Abstract:Generative models on discrete state-spaces have a wide range of potential applications, particularly in the domain of natural sciences. In continuous state-spaces, controllable and flexible generation of samples with desired properties has been realized using guidance on diffusion and flow models. However, these guidance approaches are not readily amenable to discrete state-space models. Consequently, we introduce a general and principled method for applying guidance on such models. Our method depends on leveraging continuous-time Markov processes on discrete state-spaces, which unlocks computational tractability for sampling from a desired guided distribution. We demonstrate the utility of our approach, Discrete Guidance, on a range of applications including guided generation of small-molecules, DNA sequences and protein sequences.
What problem does this paper attempt to address?
### What problem does this paper attempt to solve?
This paper aims to solve the guidance problem of diffusion models and flow models in discrete state spaces. Specifically, the author proposes a method named **Discrete Guidance** to achieve controllable and flexible sample generation in discrete state spaces.
#### Background and Challenges
1. **Limitations of Existing Methods**:
- In continuous state spaces, sample generation with desired properties can already be achieved through guidance techniques. However, these guidance methods are not easily applicable to discrete state space models.

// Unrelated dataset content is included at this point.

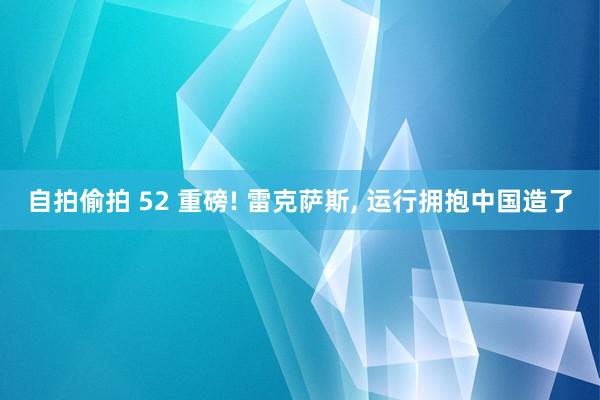自拍偷拍 52 重磅! 雷克萨斯， 运行拥抱中国造了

- The diffusion process in discrete state spaces depends on the probability density gradient (i.e., the score function), and in the discrete state, this gradient is undefined.
- Flow matching is usually achieved through linear interpolation, but it performs poorly in discrete state spaces and requires alternative methods.

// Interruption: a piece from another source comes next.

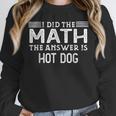 The Answer Is Hot Dog Math Teacher Student Unisex Sweatshirt, novelty gifts, funny gifts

2. **Applications of Discrete State Spaces**:
- Discrete state spaces are widely used in natural language processing, biological sequences (such as DNA/RNA/proteins), molecular graphs, etc.
- In these fields, conditional generation tasks are very important, such as generating protein sequences according to specific structures or properties.
#### Solution: Discrete Guidance
- **Core Idea**: Use continuous - time Markov processes (CTMCs) to unlock the guidance computation in discrete state spaces.
- **Specific Methods**:
- Guidance is achieved by adjusting the transition rate matrix \( R_t(x, \tilde{x} | y) \), and the formula is as follows:
\[
R_t(x, \tilde{x} | y) = \frac{p(y | \tilde{x}, t)}{p(y | x, t)} R_t(x, \tilde{x})
\]
- For autoregressive - guided (predictor - guided), the guidance strength \( \gamma \) can be introduced, and the formula becomes:
\[
R_t^{(\gamma)}(x, \tilde{x} | y) = \left( \frac{p(y | \tilde{x}, t)}{p(y | x, t)} \right)^\gamma R_t(x, \tilde{x})
\]
- For non - autoregressive - guided (predictor - free - guided), the following formula is used:
\[
R_t^{(\gamma)}(x, \tilde{x} | y) = R_t(x, \tilde{x} | y)^\gamma R_t(x, \tilde{x})^{1-\gamma}
\]
#### Experimental Verification
- **Scope of Application**: The author conducted experiments in multiple fields, including small - molecule generation, DNA sequence generation, and protein sequence generation.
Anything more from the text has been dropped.